TASK ITEM: Your task is to retype, exactly, the line containing "標(biāo)致4008(海外) 2.0L CVT" and every later line through the end of the listing, with pictures omitted.
BEGIN RECORDS FOR THE TASK
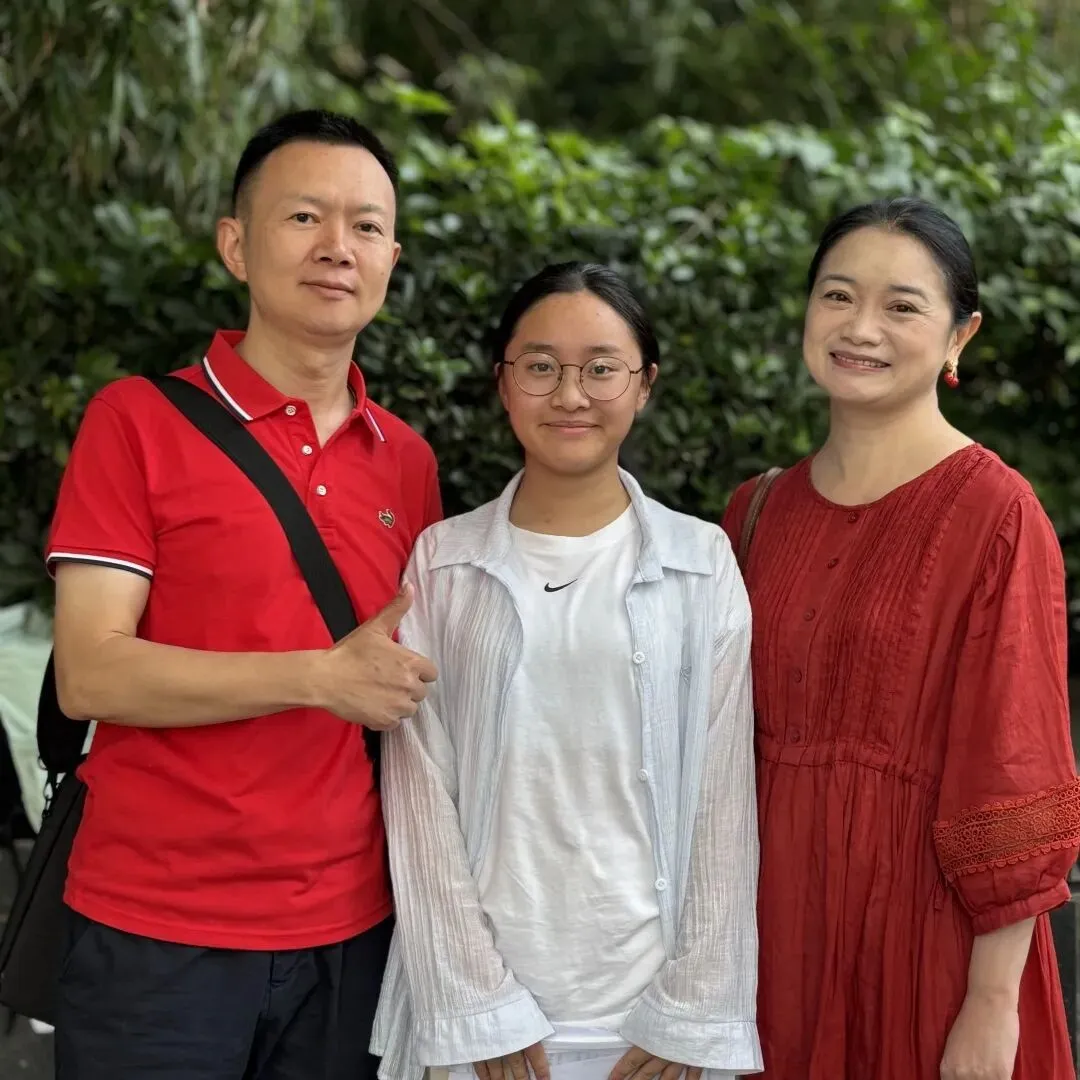 中考作文,盐中答卷——无解方程,多种答案-第20张图片-四季读书网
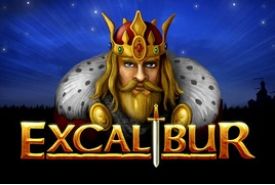 Excalibur review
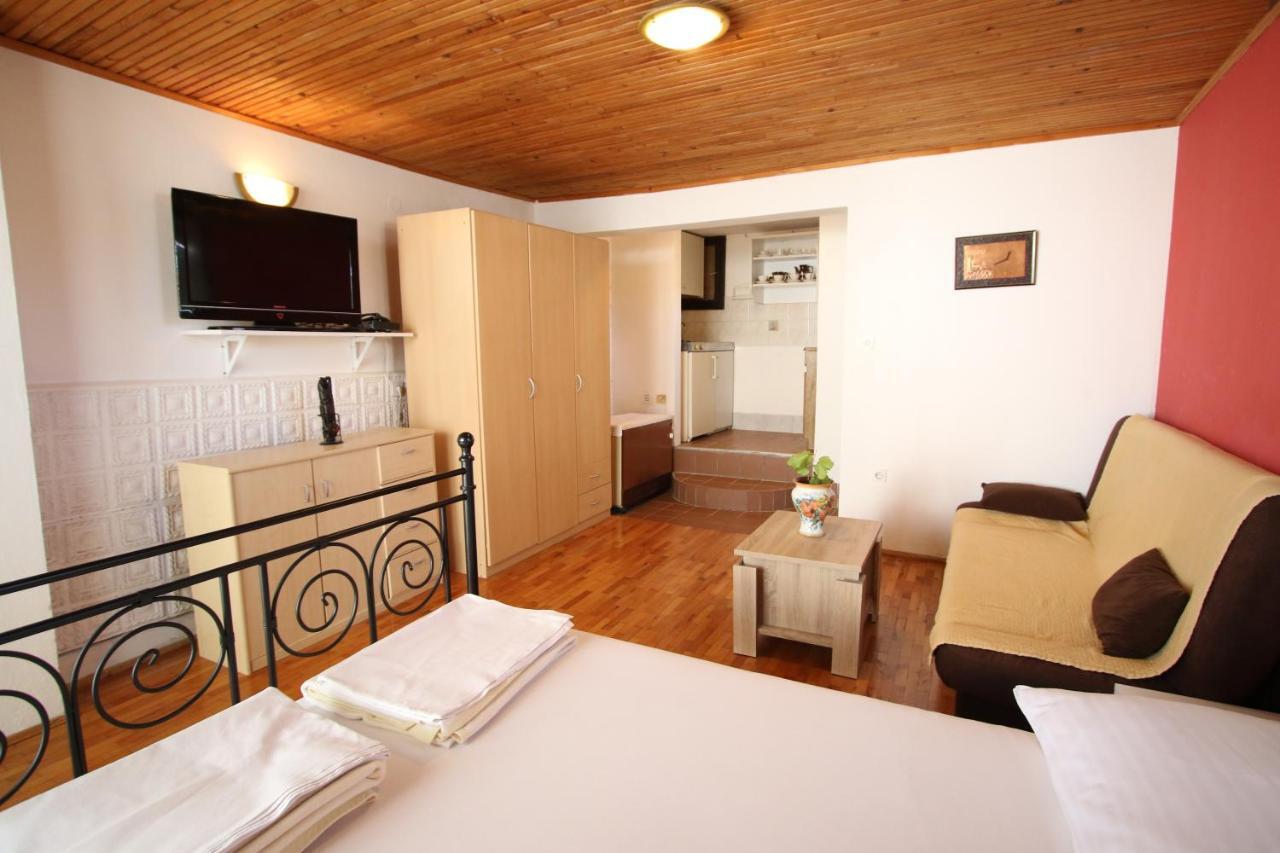 Apartments Kata Sibenik Exterior photo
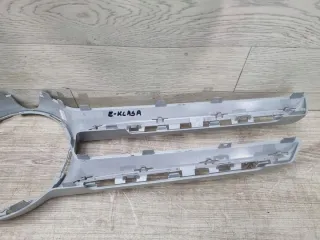 A2138880160 Решетка радиатора Mercedes E W213 Арт e12481433, вид 7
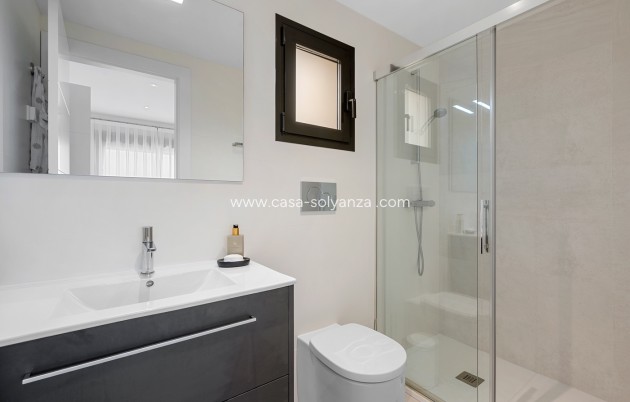 Reventa - Apartamento / piso - Orihuela Costa - Costa Blanca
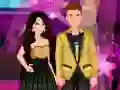 Jogo Justin e Selena juntos novamente online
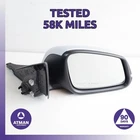 14-21 Bmw F22 228I Right Side Rear View Door Mirror Gray 51167268538 Oem 58K Used. Price: $217.23.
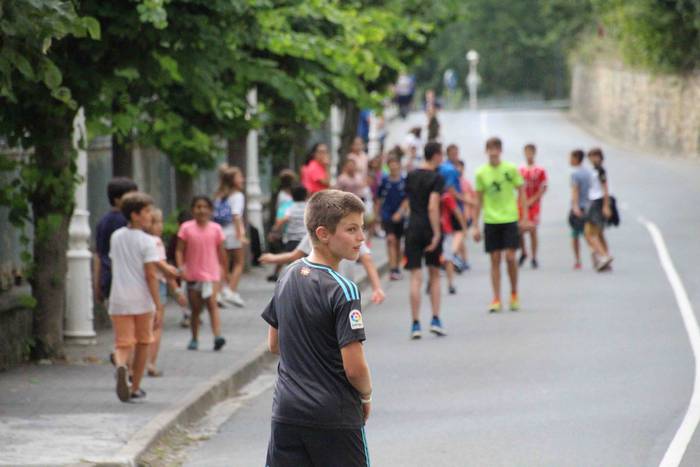 Amezketa San Bartolome jaiak 76 1535055723428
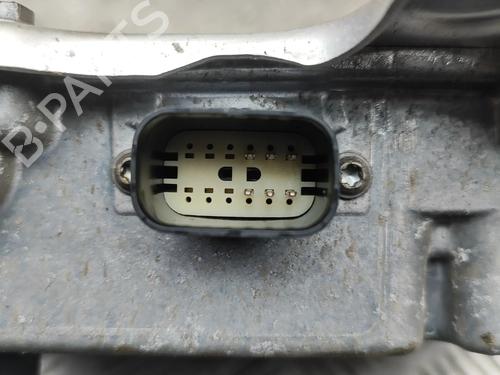 Electronic module TESLA MODEL X (5YJX) P100D AWD | BP33661411M83  - Image 8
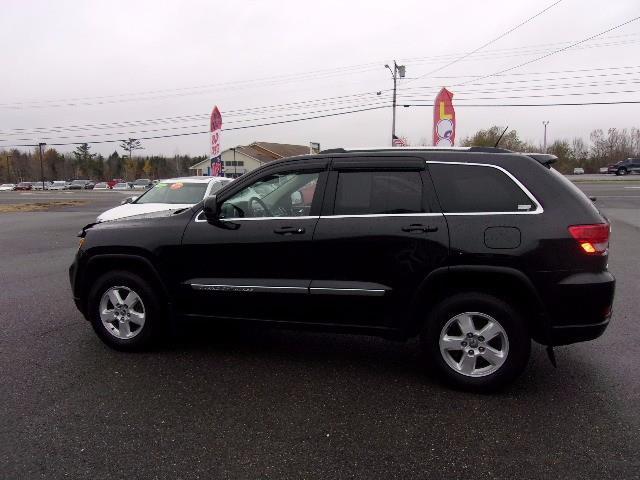 2013 jeep grand cherokee laredo 4x4 laredo 4dr suv for sale in presque isle, maine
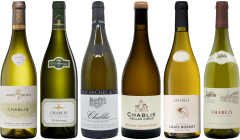 Chablis Proefpakket
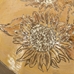 Sunflower Platter 17x14 - 14579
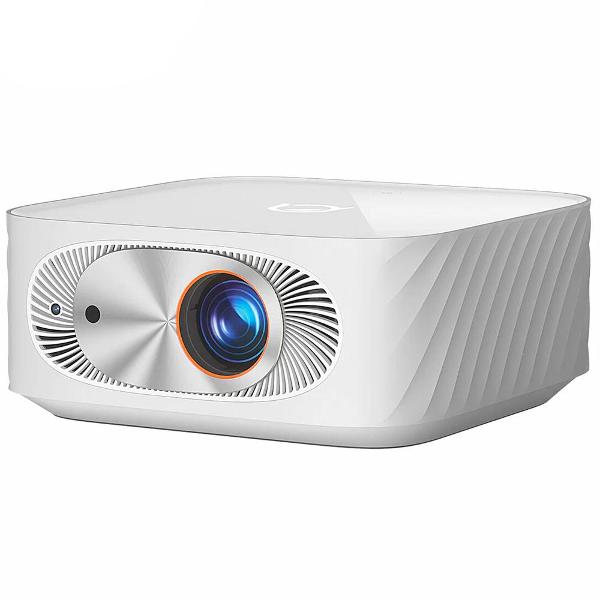 Видеопроектор мультимедийный Lenovo Thinkplus Xiaoxin 100 White фото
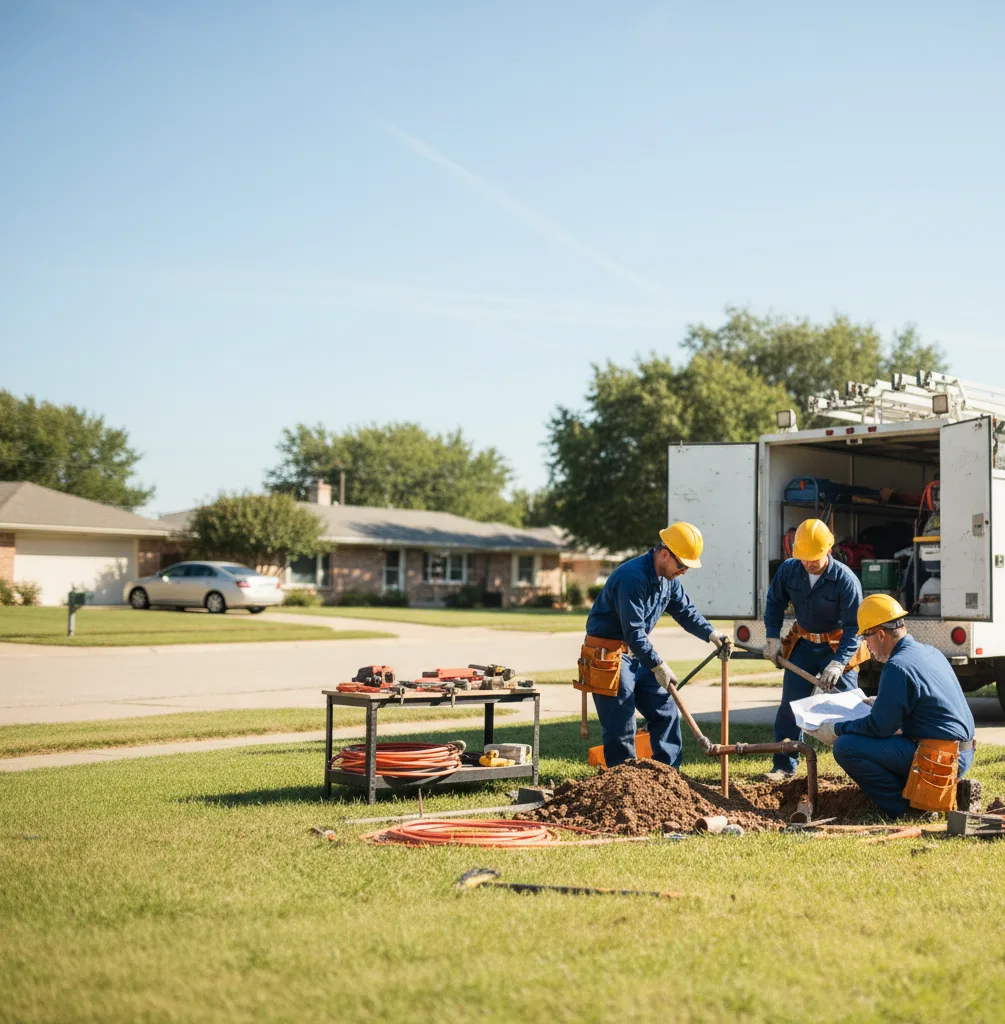 Water Heater Repair in Prairie Du Sac, WI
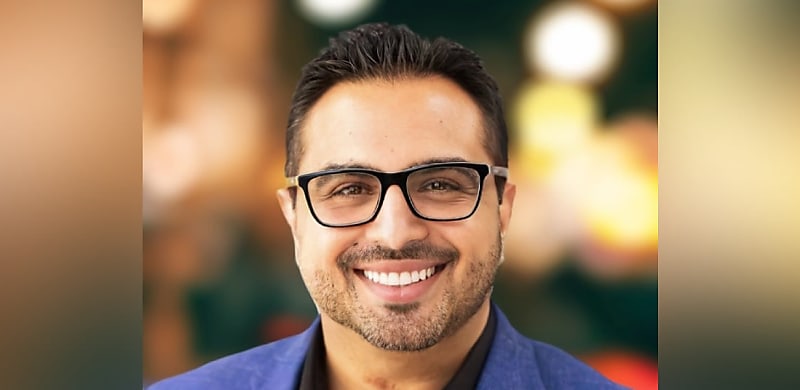 Why this accountant became a broker during the pandemic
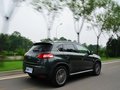 標(biāo)致4008(海外) 2.0L CVT 四驅(qū)豪華型 5座 2013款圖片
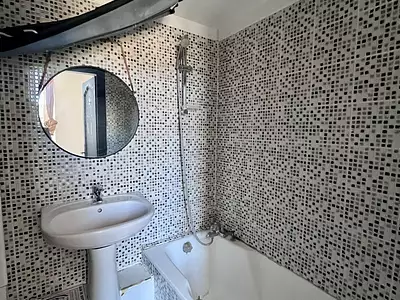 Appartement, 38,7 m²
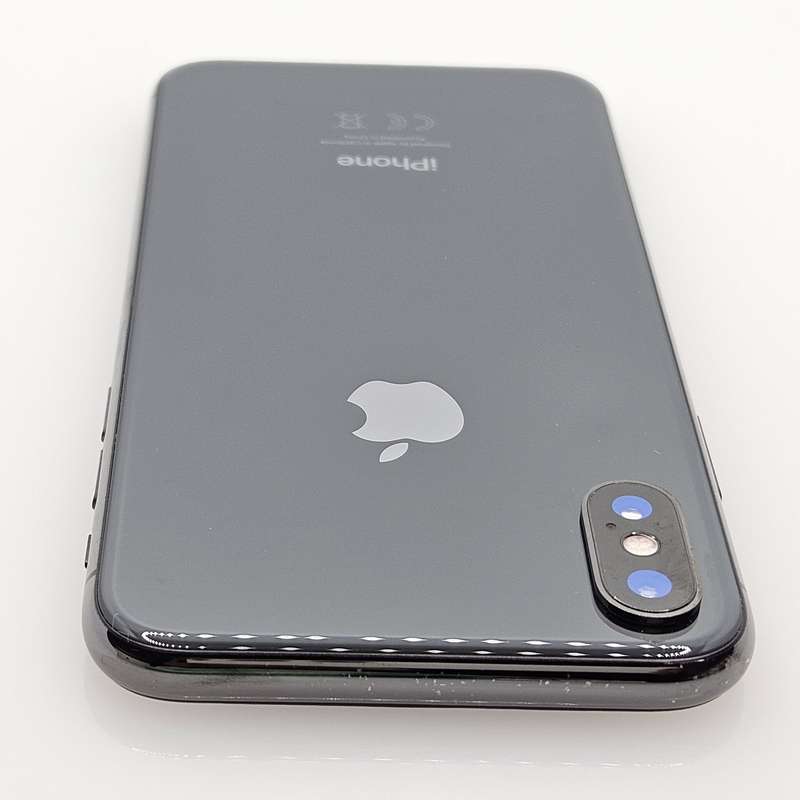 iPhone X 256GB No Face ID Space Gray (3 Month Warranty)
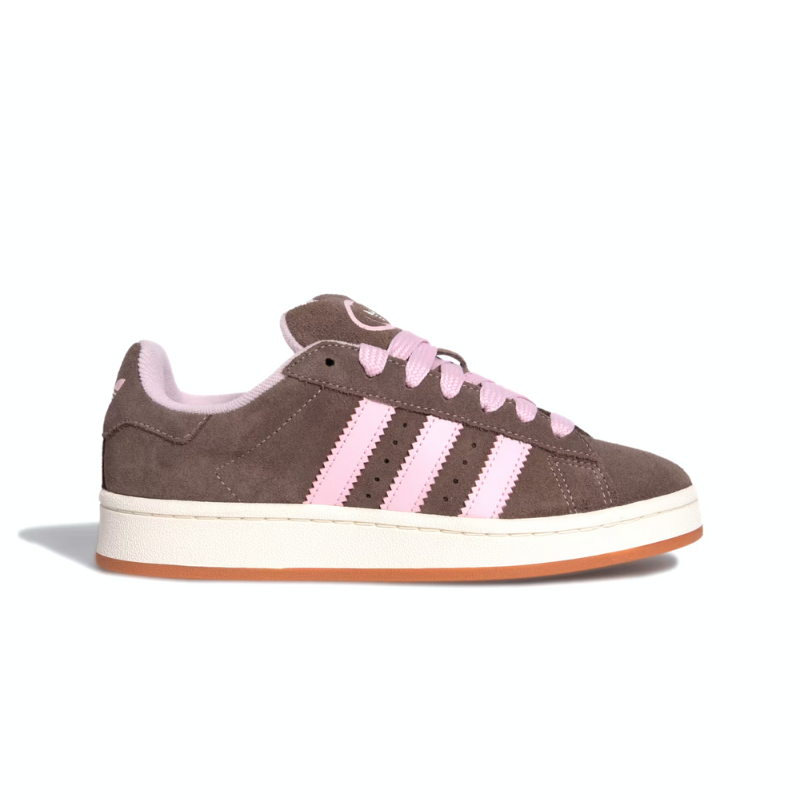 Adidas Campus 00s Brown & Pink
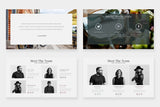Brice PowerPoint Template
END RECORDS FOR THE TASK
COMPLETED EXERCISE:
 標(biāo)致4008(海外) 2.0L CVT 四驅(qū)豪華型 5座 2013款圖片
 Appartement, 38,7 m²
 iPhone X 256GB No Face ID Space Gray (3 Month Warranty)
 Adidas Campus 00s Brown & Pink
Brice PowerPoint Template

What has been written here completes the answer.